Prep
Cook
Total
Yield 4 Servings
1 tbsp extra virgin olive oil
1 bell pepper, chopped
2 large chicken breasts, cut into cubes
1 can full-fat coconut milk
1 tbsp organic curry powder
1/2 tsp turmeric
1 tsp sea salt (more if desired)
1 tsp minced ginger
1/2 cup organic chicken broth or 1 scoop chicken broth powder
1 tsp tapioca flour
1/4 cup fresh cilantro, chopped
1/4 lime, for serving
Optional: To thicken the sauce, add in an extra 1–2 tsp tapioca flour
Optional: Add 1 cup carrots, zucchini and/or bamboo shoots (these are low-FODMAP veggies)
Step 1: In a large skillet, sauté the bell pepper in olive oil.
Step 2: Add chicken to pan and fry for about 8 minutes, or until chicken is slightly browned. (You can add a little more olive oil if needed.)
Step 3: Add curry powder, turmeric, and ginger to the pan and fry for 20 seconds until fragrant.
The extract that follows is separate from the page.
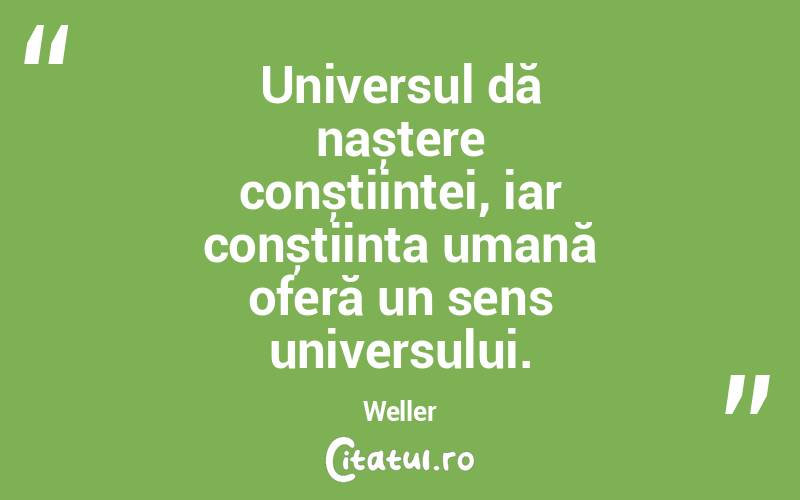 Universul dă naștere conștiinței, iar conștiința umană oferă un sens universului. Weller
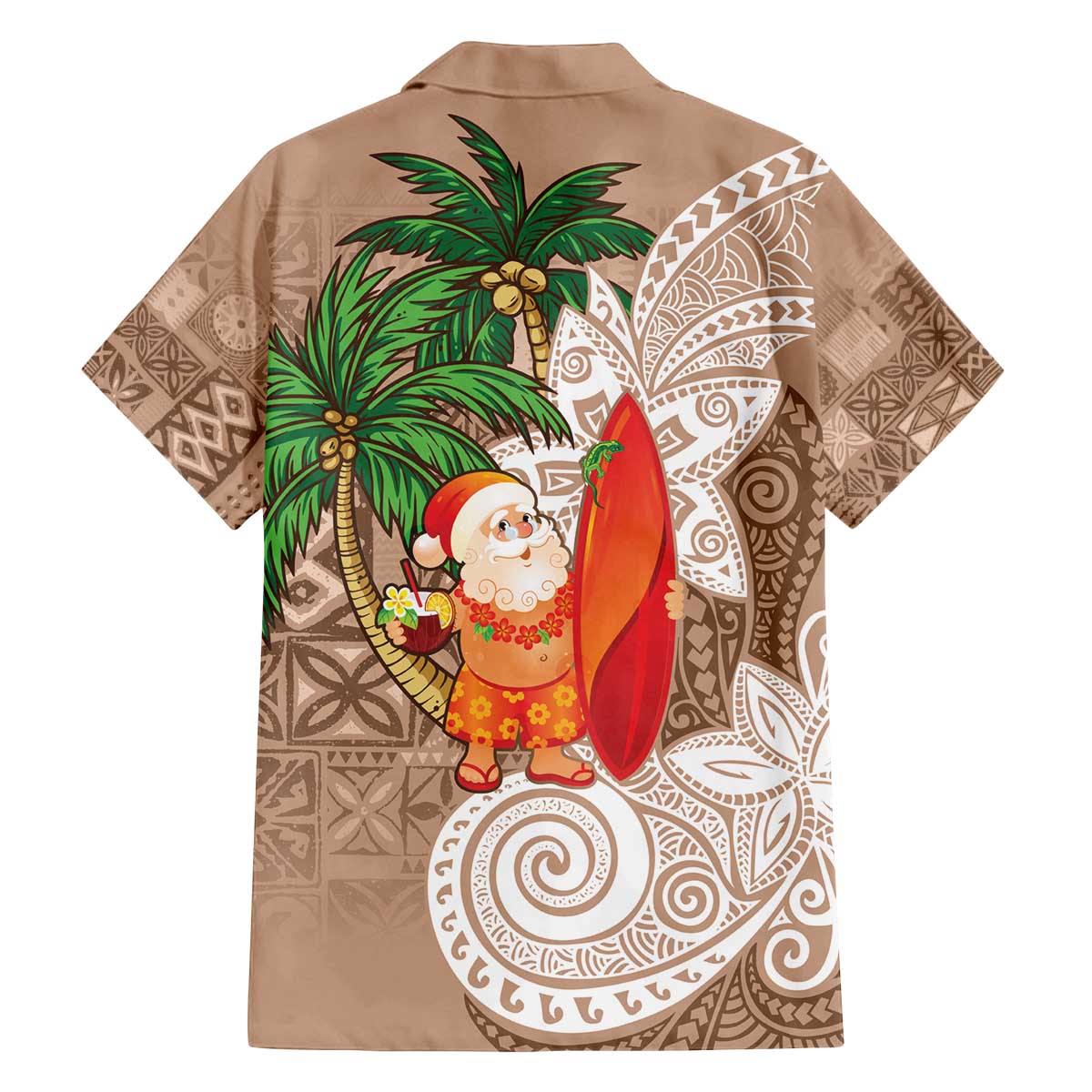 Polynesian Family Matching Off The Shoulder Long Sleeve Dress and Hawaiian Shirt Tropical Santa - Plumeria Beige Vintage LT7 - Polynesian Pride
Immediately add coconut milk and stir to combine.
Step 4: Add chicken broth and tapioca powder to thicken the sauce. Add salt and stir in to combine.
Step 5: Allow pot to simmer for about 10 minutes to thicken the sauce.
Step 6: Once sauce has thickened, your curry is ready. Serve with cooked basmati or brown rice, fresh cilantro leaves and splash of lime juice.
Step 7: Enjoy!
Recipe macros do not include nutritional info for optional ingredients or serving suggestions.
Courses Dinner or Main Course
Serving Size 1/4 of recipe
Amount Per Serving | ||
---|---|---|
Calories 322 | ||
% Daily Value | ||
Total Fat 24 g | 37% | |
Total Carbohydrates 6 g | 2% | |
Dietary Fiber 0.5 g | 2% | |
Sugars 1 g | ||
Protein 21 g | 42% |
* Percent Daily Values are based on a 2,000 calorie diet. Your daily values may be higher or lower depending on your calorie needs.